* Work order
No line before the one holding "10372 Walking View Ct" is wanted; restate word for word that line and all lines after it to the end of the entries, excluding pictures.

* Material supplied
****************************************
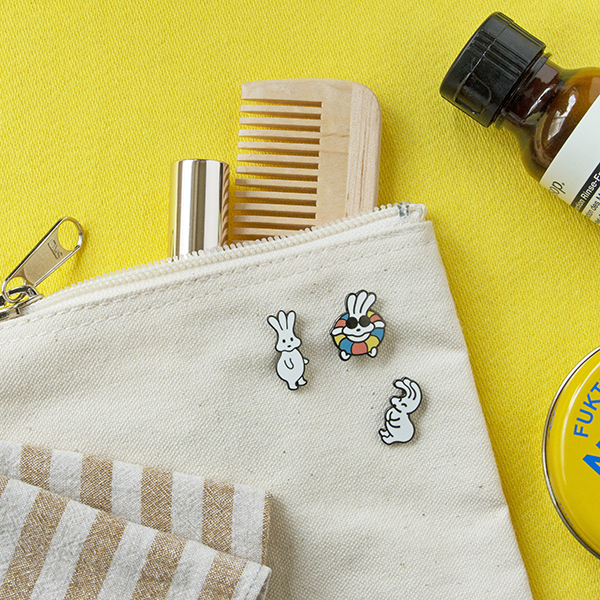 バムとケロ おじぎちゃんピンバッヂ | 絵本ナビ | グッズ・通販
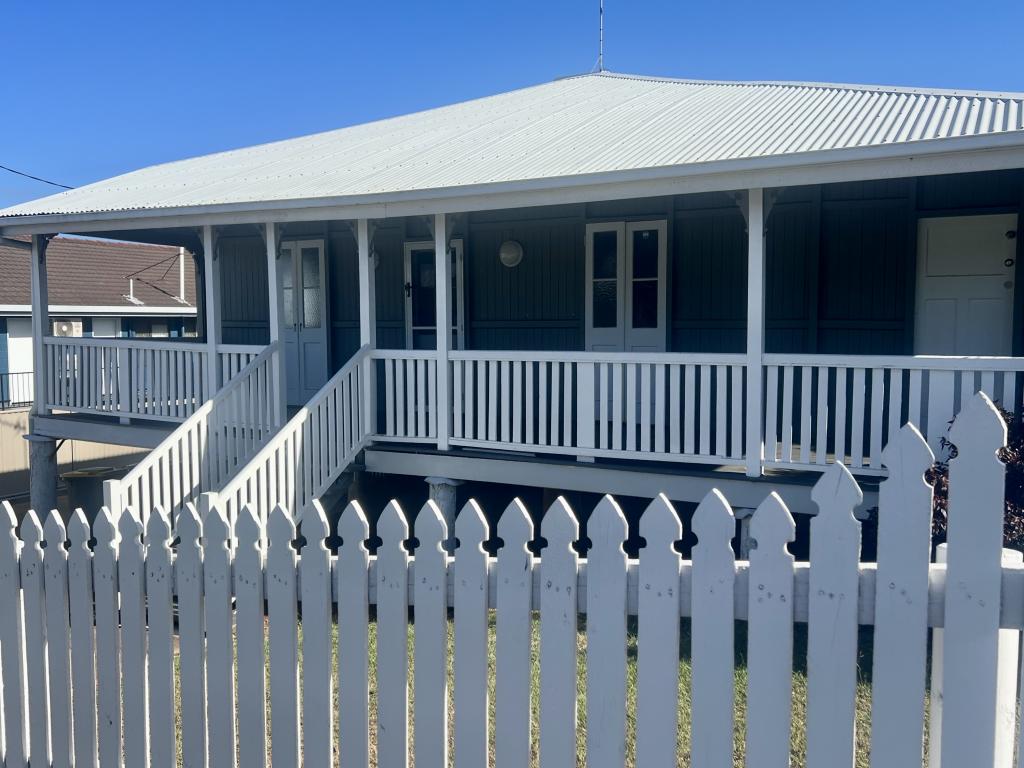 40 Roseberry St, Gladstone Central, QLD 4680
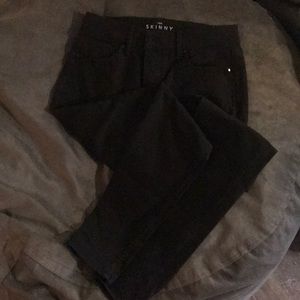 Black skinny jeans size 6 WHBM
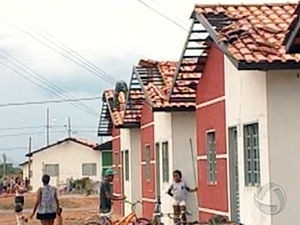 Casas foram destelhadas com vendaval em Sinop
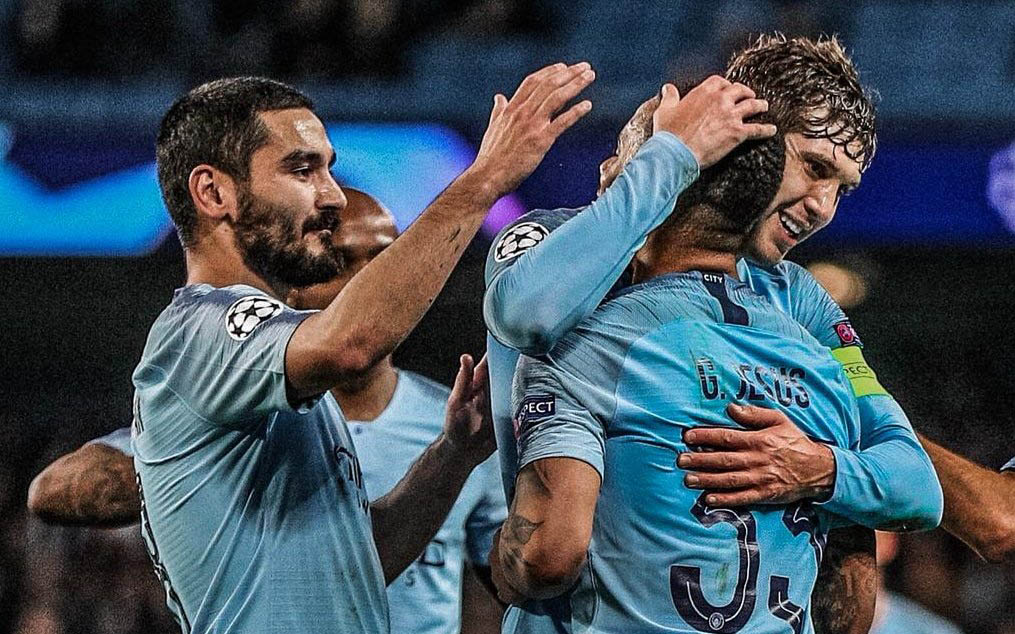 Manchester City pesta gol ke gawang Shakhtar Donetsk. Tak main-main, enam gol mereka gelontorkan ke gawang tim tamu. 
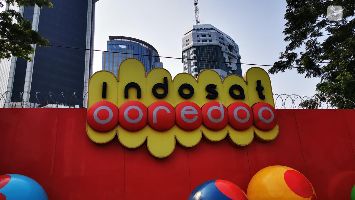 Perusahaan Seluler Indosat Ooredo Mengistirahatkan Ratusan Karyawannya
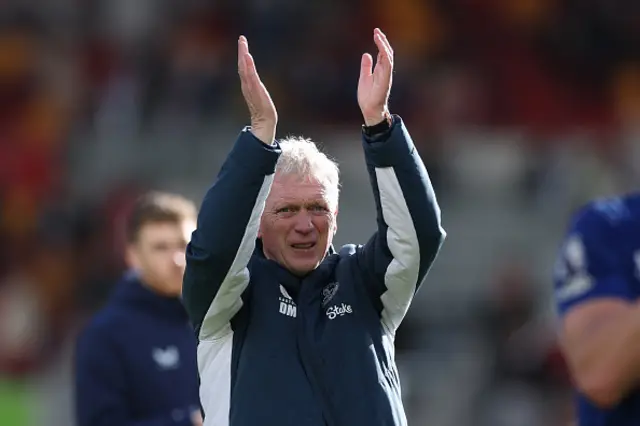 Everton's Head Coach, David Moyes, thanks the supporters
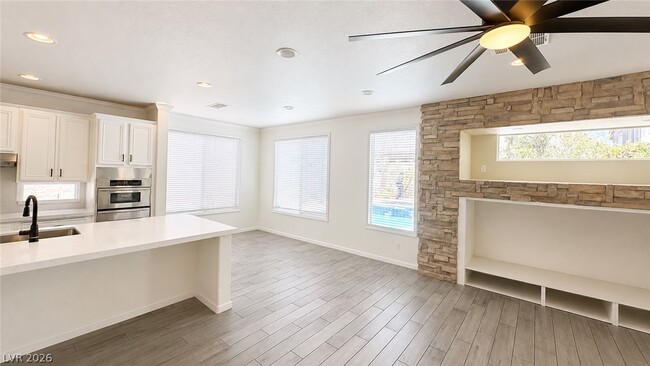 10372 Walking View Ct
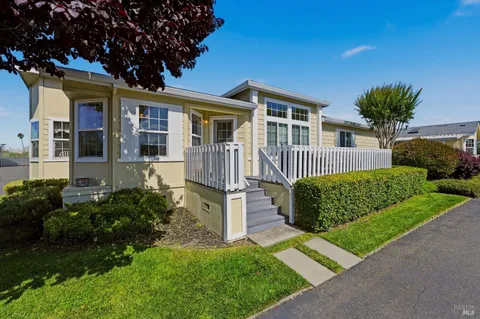 $185,000 | 572 Birchwood Drive, Petaluma, CA 94954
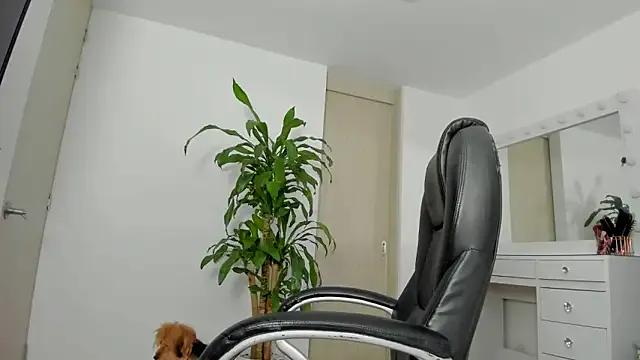 Avatar of charlotte_tiller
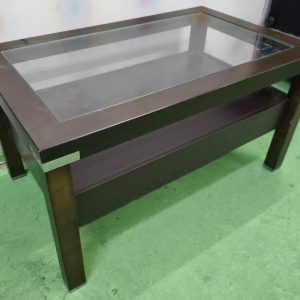 Red Apple Coffee Table (60% New) Dimensions: 82cm (W) * 50cm (D) * 44cm (H)
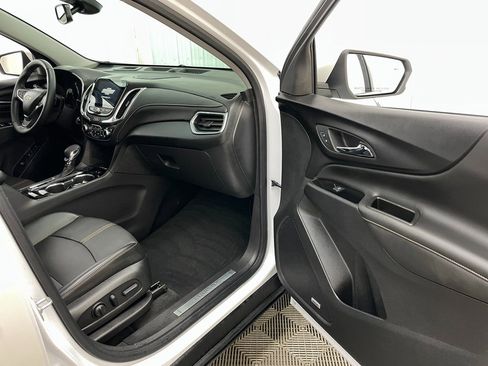 Certified 2024 Chevrolet Equinox Premier image 33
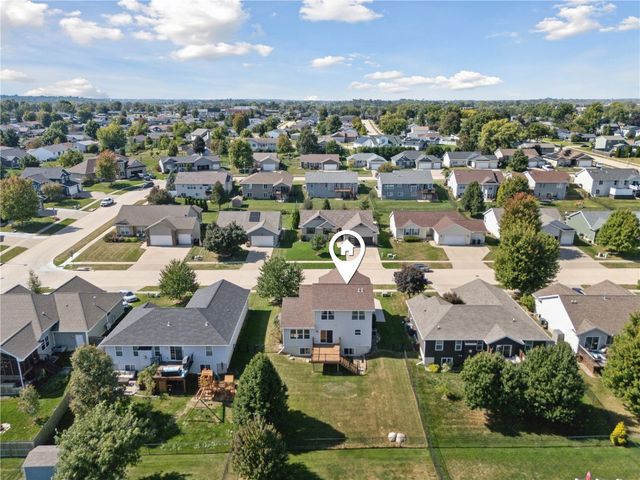 385 Rosslare St, Marion, IA 52302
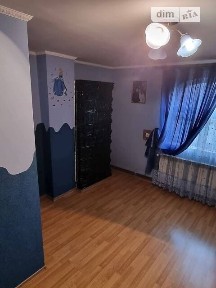 Продаж 2 поверхового будинку 250 кв. м, 9 кімнат, на вул. Крушник • ID 34977725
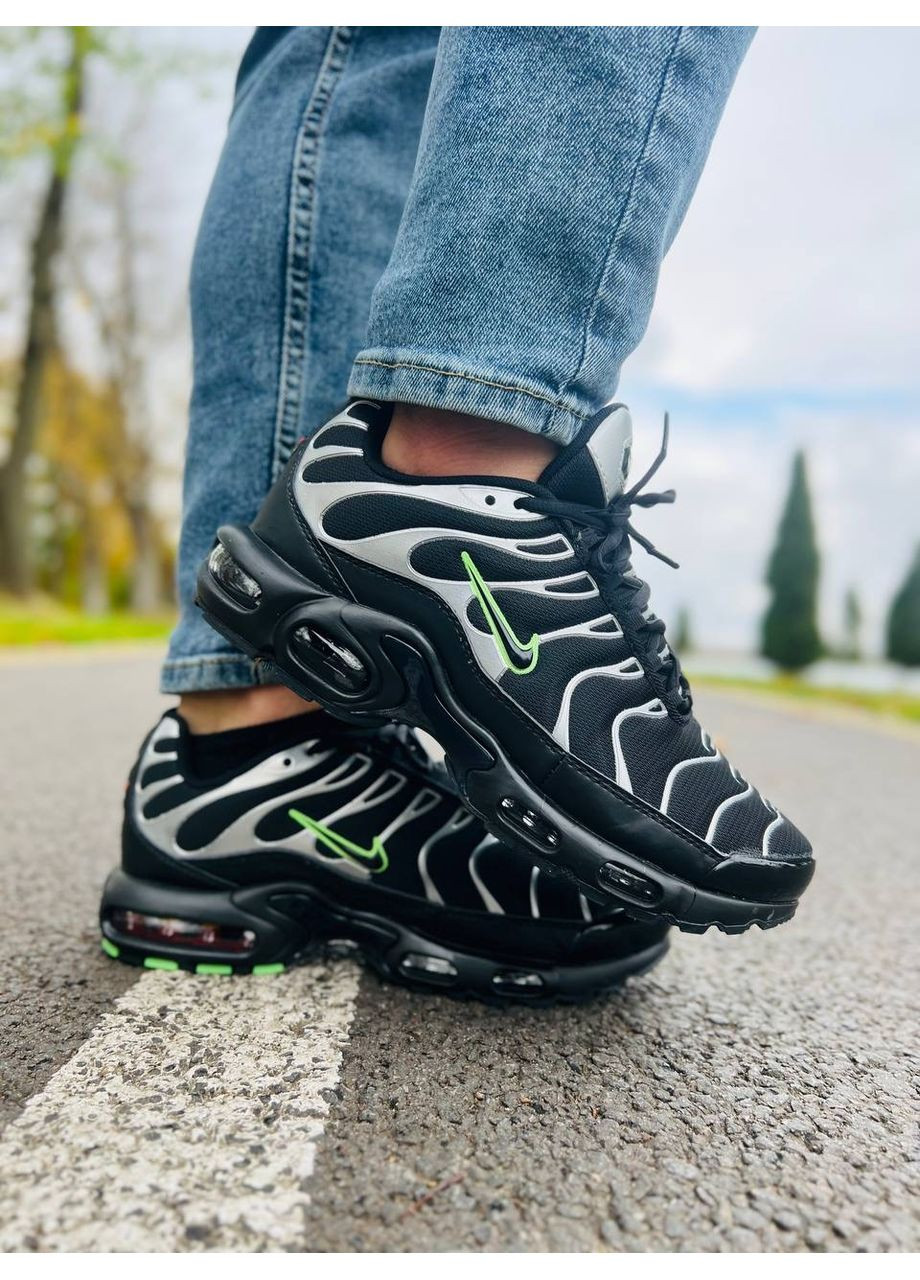 Серые демисезонные кроссовки мужские nike air max plus tn black silver green найк аир макс тн плюс No Brand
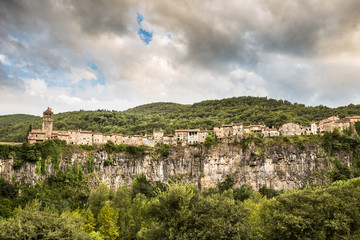 Fototapeta na wymiar Castellfollit de la Roca, medieval village at the edge of the mountain.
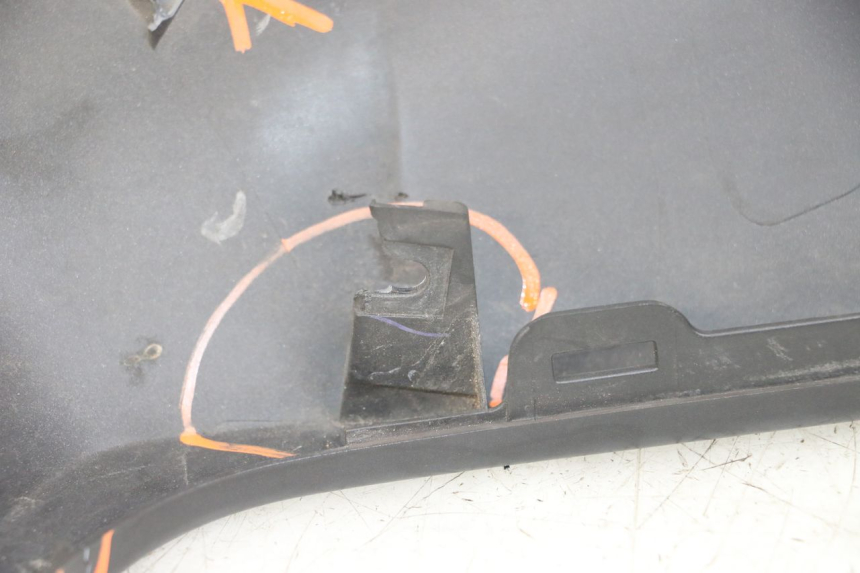 photo de CUBIERTA CHASIS LATERAL IZQUIERDO YAMAHA XMAX X-MAX ABS 125 (2017 - 2020) - Otra perspectiva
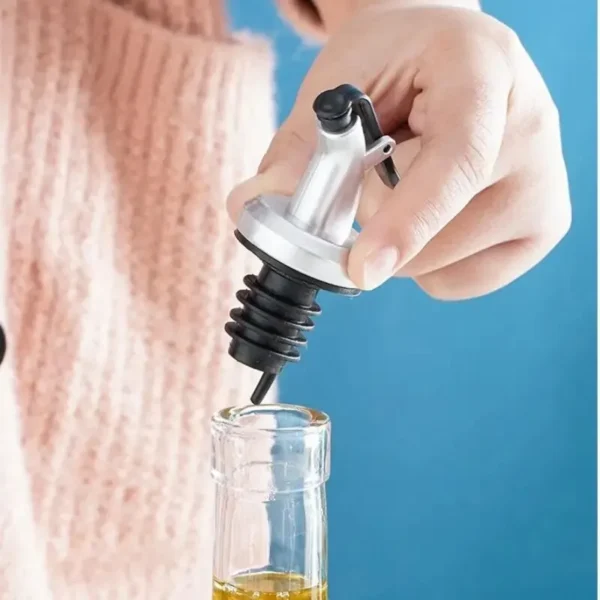 3pcs Silver Household Kitchen Seasoning Bottles Soy Sauce Vinegar Bottles Mouth Stoppers No Oil Leakage No Oil Hanging Tools - Image 3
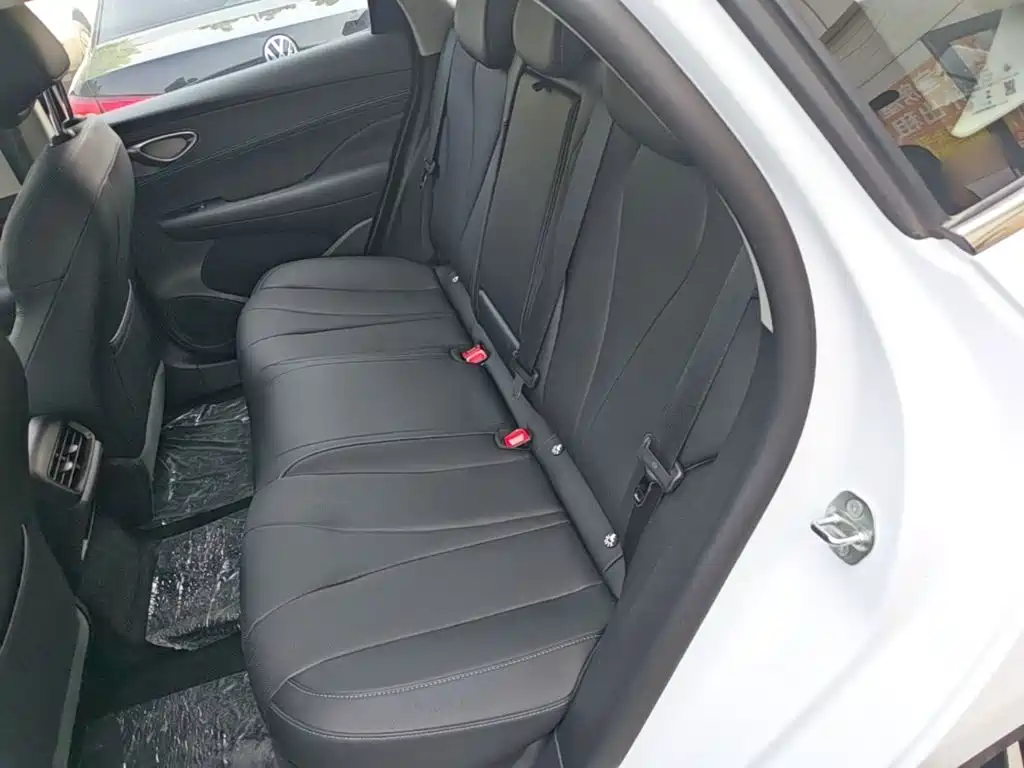 BYD Seal 05 DM-i 2025 — фото 17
****************************************
* Exercise answer
 10372 Walking View Ct
 $185,000 | 572 Birchwood Drive, Petaluma, CA 94954
 Avatar of charlotte_tiller
 Red Apple Coffee Table (60% New) Dimensions: 82cm (W) * 50cm (D) * 44cm (H)
 Certified 2024 Chevrolet Equinox Premier image 33
 385 Rosslare St, Marion, IA 52302
 Продаж 2 поверхового будинку 250 кв. м, 9 кімнат, на вул. Крушник • ID 34977725
 Серые демисезонные кроссовки мужские nike air max plus tn black silver green найк аир макс тн плюс No Brand
 Fototapeta na wymiar Castellfollit de la Roca, medieval village at the edge of the mountain.
 photo de CUBIERTA CHASIS LATERAL IZQUIERDO YAMAHA XMAX X-MAX ABS 125 (2017 - 2020) - Otra perspectiva
 3pcs Silver Household Kitchen Seasoning Bottles Soy Sauce Vinegar Bottles Mouth Stoppers No Oil Leakage No Oil Hanging Tools - Image 3
 BYD Seal 05 DM-i 2025 — фото 17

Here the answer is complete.